Es fácil hablar de enseñanzas puritanas cuando se ve claramente la acción de la maldad, pero, cuando la realidad se opone a los prejuicios, hasta los más fríos espíritus logran superponer la compasión sobre el juicio.

El joven había comenzado a sentir algo por la primera chica que le había mirado más que como un marcado, y la chica había comenzado a sentir algo por el primer joven que manifestó su deseo por verle sonreír, y los dos concurrentes más habituales de la capilla lo sabían.

Informalmente las clases de lectura se extendieron a tres días por semana, a las que Ren se integró gustoso. El ministro, aunque en un inicio reticente, llegó a convencerse de que esa era la respuesta a sus oraciones.

Semana a semana luchaba con los sentimientos de impotencia al no poder conmover los corazones de la comunidad con sus reprimendas, pero veía en Ren la esperanza de un legado. Aún mucho menos que un hijo, pero quizás a un futuro hombre recto que él había arrancado de las manos del demonio.

Por su parte, la viuda Claude fue suavizando su carácter con el paso de los meses. Su hosquedad y rectitud eran más la máscara de su soledad que la genuina manifestación de su alma. Pronto Hanna se convirtió en la hija o la nieta que deseó en su juventud, y encontró en esa pequeña sala de estudios el espacio donde supo que su vida aún tenía un propósito.

Lamentablemente, ante los ojos de la comunidad las cosas no eran tan sencillas. Ren aún recibía las miradas de reojo de los vecinos, y los murmullos eran evidentes cada vez que se le veía cerca de Hanna.

Además de la sala junto a la capilla, no había otro lugar dentro del pueblo en donde los dos jóvenes pudieran conversar con tranquilidad, pero, cerca de un kilómetro más allá de la casa Delbech, tras cruzar el bosque, se podía alcanzar un claro que se abría hacia la costa sureste del lago que daba el nombre al pueblo.

Dado su difícil acceso, y más durante el invierno, nadie del pueblo iba ahí. Todo se hacía en la zona noreste, fuera la pesca o el lavado. Se convirtió en su oasis, su lugar seguro, allí donde podían ir para esconderse de los problemas y las miradas enjuiciadoras.

El ministro no tenía problema en dejar partir a Ren en tanto hubiese cumplido sus tareas, y la señora Delbech fue, sin saberlo, cómplice tácita, dejando los secretos de Hanna tras la puerta cerrada de su habitación.
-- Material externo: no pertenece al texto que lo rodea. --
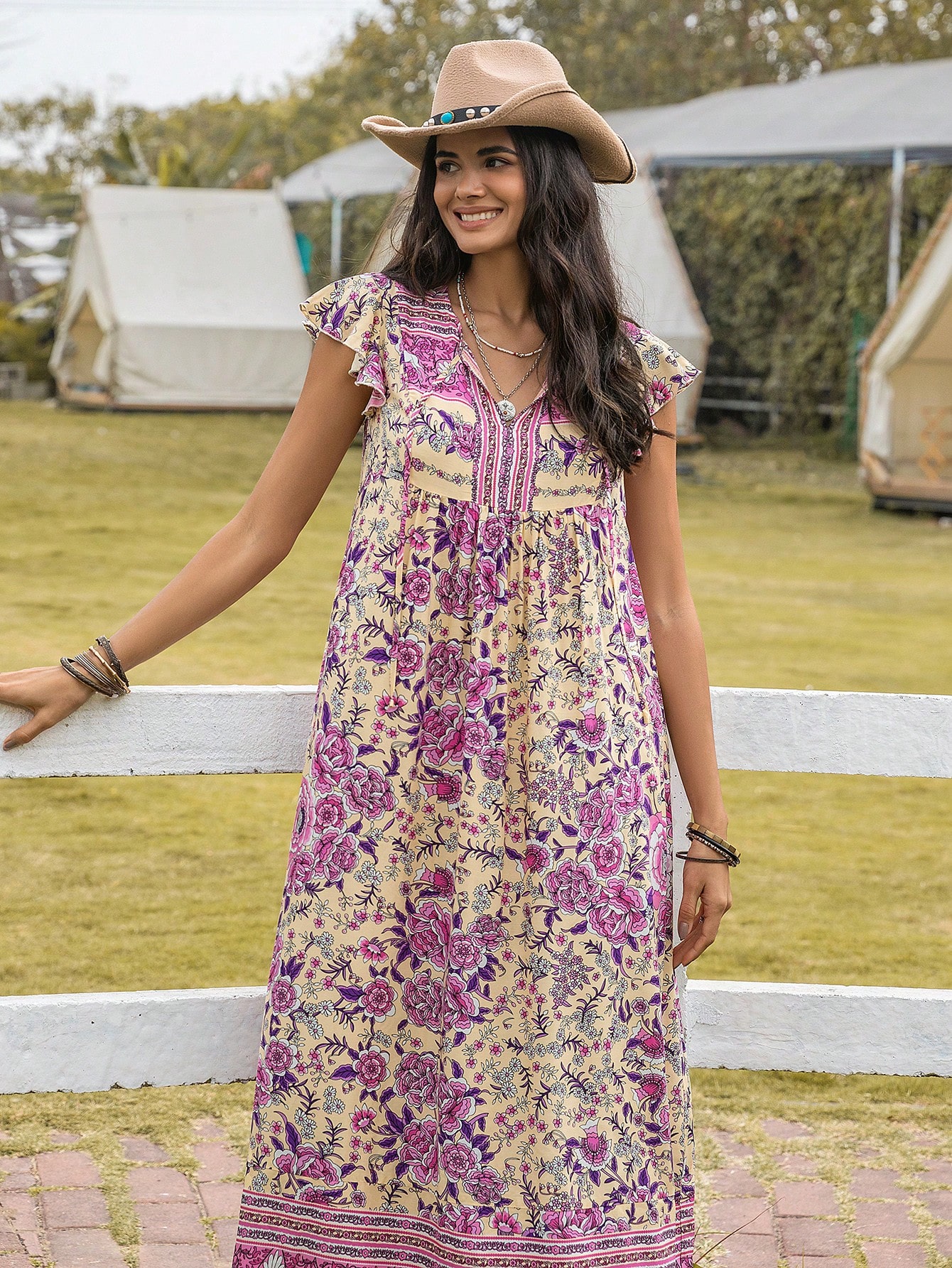 Floral A-Line Ankle Length Dress with Short Sleeves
Así pasaron dos años, entre las horas con la viuda Claude, y los crecientes encuentros junto al lago.

Junto a las frías aguas no solían hacer más que sentarse en silencio, a veces abrazados, a veces sin siquiera tomarse de la mano. Era la mutua compañía lo que les reconfortaba. Aunque, de las pláticas, siempre había algo que destacaba: el miedo. Quizás por eso preferían el silencio.

Ren temía lo que sería de él. Aunque pudiera salir del pueblo, ¿Habría un lugar donde no le verían como a un demonio?

Hanna, por su parte, temía lo que sucedería el día en que su padre abriera la puerta de su habitación. Su cuerpo ya era el de una mujer, y sabía que ese pecado sería cuestión de tiempo.

Y, sin aviso, ese día llegó.

Los gritos de la señora Delbech fueron silenciados con un golpe seco. Hanna, que intentaba centrar sus pensamientos en las ilustraciones del libro comenzó a temblar de miedo al sentir las embestidas del hombre ebrio contra la puerta.

Su cuerpo se movió por instinto, sin detenerse un solo segundo, salió por la ventana y corrió.

Cuando comenzó a quedarse sin aliento pensó que quizás hubiese sido mejor correr hacia la casa de la viuda Claude, pero sus pies ya estaban sorteando las raíces y los troncos mientras cruzaba el bosque.

Anochecía, y su cuerpo respondía más a las memorias de ese camino, tantas veces recorrido, que a sus ojos, pero, al alcanzar el claro, el reflejo de la luna en el agua le devolvió la silueta que tanto anhelaba estuviera allí.

Ren estaba de pie, y se giró rápidamente al oír los pasos que se aproximaban desde el bosque.

Se encontraron con un súbito abrazo, en el que no pudo más que intentar contener las lágrimas de la joven con su cuerpo.

—Sabía que estarías aquí –dijo Hanna cuando se hubo tranquilizado un poco.

—He venido aquí muchas noches, rogando porque nunca te viera llegar –respondió Ren, acariciando suavemente a la chica- ¿Pasó lo que temías?

—Corrí, salí por la ventana y no mire atrás -respondió ella, negando con la cabeza.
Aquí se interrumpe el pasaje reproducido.